_Dataset entries_.
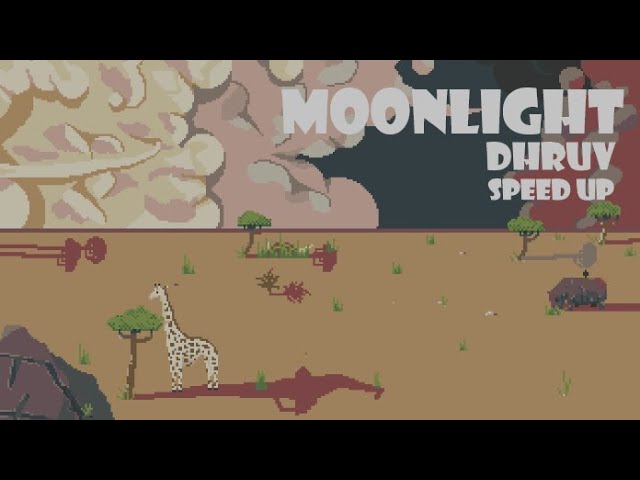 Dhruv ~ Moonlight (Speedup Ver)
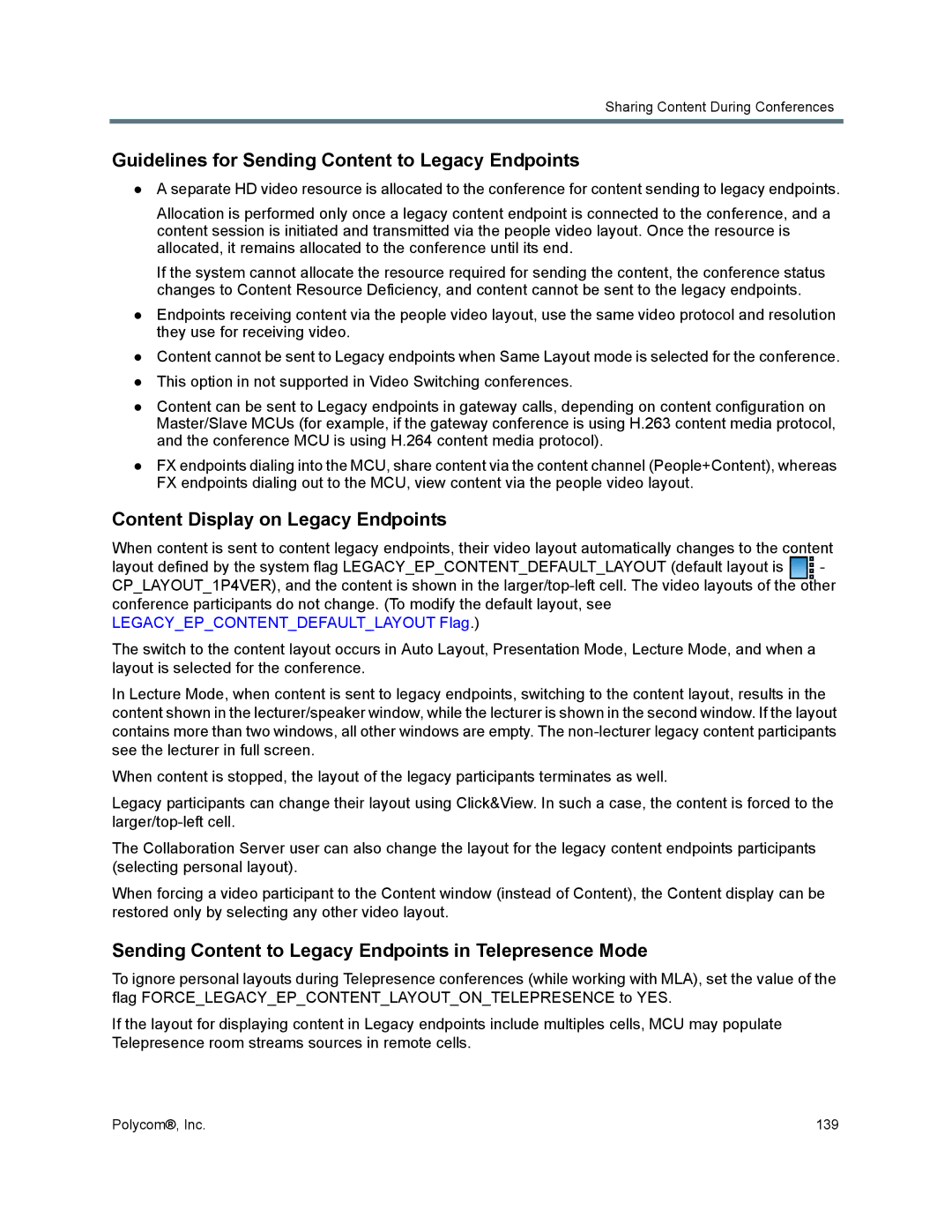 Polycom 1500/1800/2000/4000 manual Guidelines for Sending Content to Legacy Endpoints, Content Display on Legacy Endpoints 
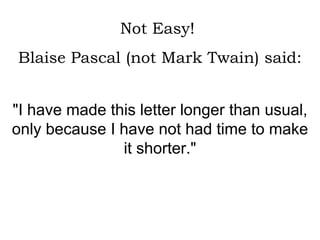 Not Easy!  Blaise Pascal (not Mark Twain) said: "I have made this letter longer than usual, only because I have not had time to make it shorter." 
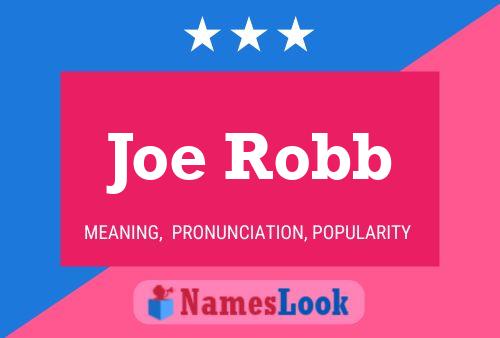 Постер имени Joe Robb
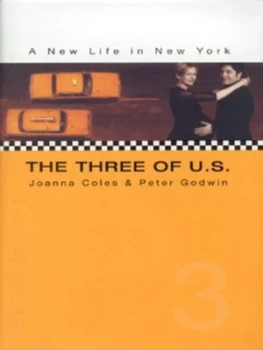Image of The Three of U.S by Joanna Coles and Peter Godwin Hardback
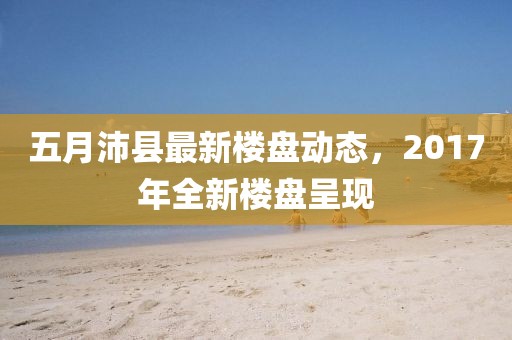 五月沛縣最新樓盤動態(tài),2017年全新樓盤呈現(xiàn)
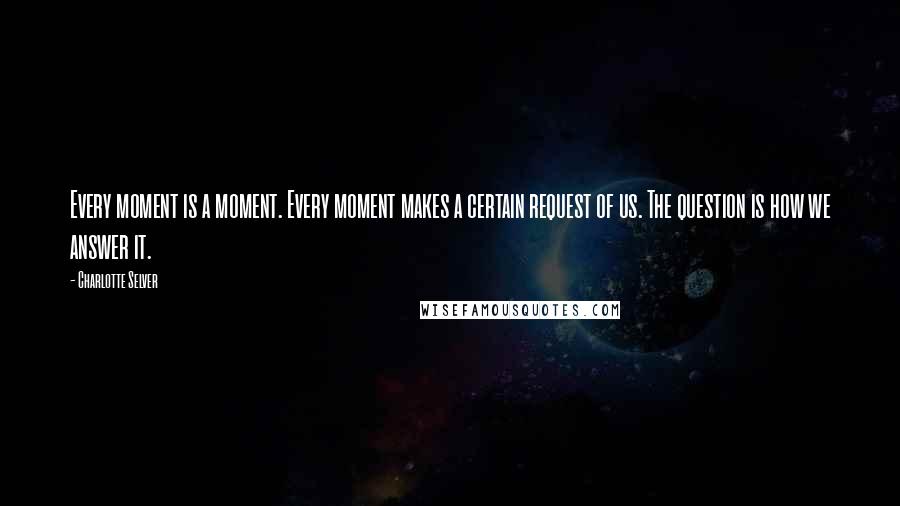 Charlotte Selver Quotes: Every moment is a moment. Every moment makes a certain request of us. The question is how we answer it.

_What this task involves_. Every record above should be transcribed exactly; the pictures stay out of the copy.

_Worked solution_.
 Dhruv ~ Moonlight (Speedup Ver)
 Polycom 1500/1800/2000/4000 manual Guidelines for Sending Content to Legacy Endpoints, Content Display on Legacy Endpoints 
 Not Easy!  Blaise Pascal (not Mark Twain) said: "I have made this letter longer than usual, only because I have not had time to make it shorter." 
 Постер имени Joe Robb
Image of The Three of U.S by Joanna Coles and Peter Godwin Hardback
 五月沛縣最新樓盤動態(tài),2017年全新樓盤呈現(xiàn)
 Charlotte Selver Quotes: Every moment is a moment. Every moment makes a certain request of us. The question is how we answer it.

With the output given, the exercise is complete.